For people who care about their food

Spag Blog

I got the May issue of the Australian Gourmet Traveller magazine the other day. This issue features “the best of Italy”. Yet it also features spaghetti bolognese, which is not an authentic Italian dish but about which they say:

you could argue that spag Bol has become Australia’s national dish, often polling as our favourite meal to prepare at home.

This reminded me of Simon Hopkinson’s take on the dish in The Prawn Cocktail Years, in the tratt-era chapter, where he has this to say about the old favourite:

Why this became the great student stand-by is a mystery. Carbonara… would have been (a) easier to prepare, (b) cheaper and (c) possibly less difficult to turn into a complete disaster.

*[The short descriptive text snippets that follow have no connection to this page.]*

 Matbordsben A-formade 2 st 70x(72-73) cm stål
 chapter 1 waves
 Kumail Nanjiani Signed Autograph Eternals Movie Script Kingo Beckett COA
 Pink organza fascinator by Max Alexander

Spag Bol, as it affectionately became known, was also one of these stand-by dishes churned out by bright young things who bought chicken bricks from Habitat and who were also quite taken with those tall glass storage jars in which to keep spaghetti.

Do you say Spag Bol or Spag Bog? We’ve always called it Spag Bog.

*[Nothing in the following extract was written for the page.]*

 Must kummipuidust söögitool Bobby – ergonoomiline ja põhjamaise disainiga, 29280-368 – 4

A forkful of spaghetti bolognese on a fork, garnished with a tiny sprig of basilI certainly remember my student years when almost every time you went for a soirée to anyone’s house Spag Bog was invariably offered. It’s a funny kind of dish because it’s so variable according to how it’s cooked and who’s cooked it. Mr ND isn’t a great cook by any means – the poor man is hardly ever allowed in the kitchen and, when he does venture in, he’s usually treated like a Gordon Ramsay serf – but he makes a great Spag Bog. It’s even better than mine which narks me a bit especially since I taught him.

Anyway, Gourmet Traveller surveyed more than 60 top chefs for the ‘Spag Bol Poll’ to see what they put in theirs. Some of the responses are quite astonishing. I can understand that some people might prefer to use pork rather than beef and that some people might even prefer to use white wine rather than red, but I was not at all prepared for some replies which, in my opinion sound quite bizarre and not tasty at all. But don’t take my word for it. Decide for yourself.

Paul Wilson’s suggestion of res el hanout seems odd, but only until you note that his lamb-based recipe also contains broad beans and finely shredded iceberg lettuce.

Stefano Manfredi likes to use chicken giblets, hearts, crests and wattles when he can get them.

Perhaps the most inspiring response, though, is that of Otto chef James Kidman: “A whole 25-kilo pig, stripped of all meat, the bones put to one side so that they can be used in the cooking of the ragù.” It’s not strictly classical, he admits, “but it’s really nice”.

You can read the results of the Spag Bol Poll online here:
Gourmet Traveller: Battle of the Bol

2 Responses to “Spag Blog”

  1. Luxury Travel

    I’m a ‘spag bol’ man myself.

    I had no idea that it was considered to be Australia’s national dish. Why is it that we seem to end up with dishes traditionally thought to be associated with other countries as our national dishes? In the UK, I think I’m correct in saying that ‘chicken tikka massala’ is commonly considered the national dish (based on ready-meal sales from supermarkets, I highly suspect).

    It would be interesting to know what the most popular dishes are in each country and whether they bear any resemblance to what we’re traditionally led to believe is the national dish.

  2. Not Delia

    Thanks, Paul. That’s the second time you’ve settled the matter of what’s to be our dish of the day. The last time it was your scallops with caviare idea. Tonight it’s going to be chicken tikka masala. Ainsley Harriot does a quick but tasty version in his Gourmet Express book.

    I’d no idea either that Spag Bog/Bol was so popular in Australia, but that’s what it said in the magazine. As for western adaptations of what we think of as food of other cuisines – in my experience they generally bear very little resemblance to the real thing. Great idea for a future posting, though!